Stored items
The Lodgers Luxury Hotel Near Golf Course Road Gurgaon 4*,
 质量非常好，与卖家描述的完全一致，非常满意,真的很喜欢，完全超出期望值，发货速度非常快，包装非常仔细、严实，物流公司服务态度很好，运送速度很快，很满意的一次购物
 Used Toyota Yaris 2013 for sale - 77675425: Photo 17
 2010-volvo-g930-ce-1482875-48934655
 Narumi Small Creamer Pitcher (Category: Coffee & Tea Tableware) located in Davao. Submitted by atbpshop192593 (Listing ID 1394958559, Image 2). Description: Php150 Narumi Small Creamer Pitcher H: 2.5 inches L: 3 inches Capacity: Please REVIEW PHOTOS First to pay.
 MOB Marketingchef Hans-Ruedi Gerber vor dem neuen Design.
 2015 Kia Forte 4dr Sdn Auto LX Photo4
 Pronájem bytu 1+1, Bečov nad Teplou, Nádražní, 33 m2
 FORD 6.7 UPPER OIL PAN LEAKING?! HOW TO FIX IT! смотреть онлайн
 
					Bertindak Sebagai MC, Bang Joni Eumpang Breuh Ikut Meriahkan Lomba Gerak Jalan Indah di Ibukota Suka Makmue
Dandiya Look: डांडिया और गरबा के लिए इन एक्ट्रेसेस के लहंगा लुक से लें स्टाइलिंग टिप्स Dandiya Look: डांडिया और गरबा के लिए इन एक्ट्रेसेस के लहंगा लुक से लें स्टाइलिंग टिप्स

Problem requirements
Quote, word for word, every line from the top of the entries through the line that holds "2010-volvo-g930-ce-1482875-48934655".

Solved problem
The Lodgers Luxury Hotel Near Golf Course Road Gurgaon 4*,
 质量非常好，与卖家描述的完全一致，非常满意,真的很喜欢，完全超出期望值，发货速度非常快，包装非常仔细、严实，物流公司服务态度很好，运送速度很快，很满意的一次购物
 Used Toyota Yaris 2013 for sale - 77675425: Photo 17
 2010-volvo-g930-ce-1482875-48934655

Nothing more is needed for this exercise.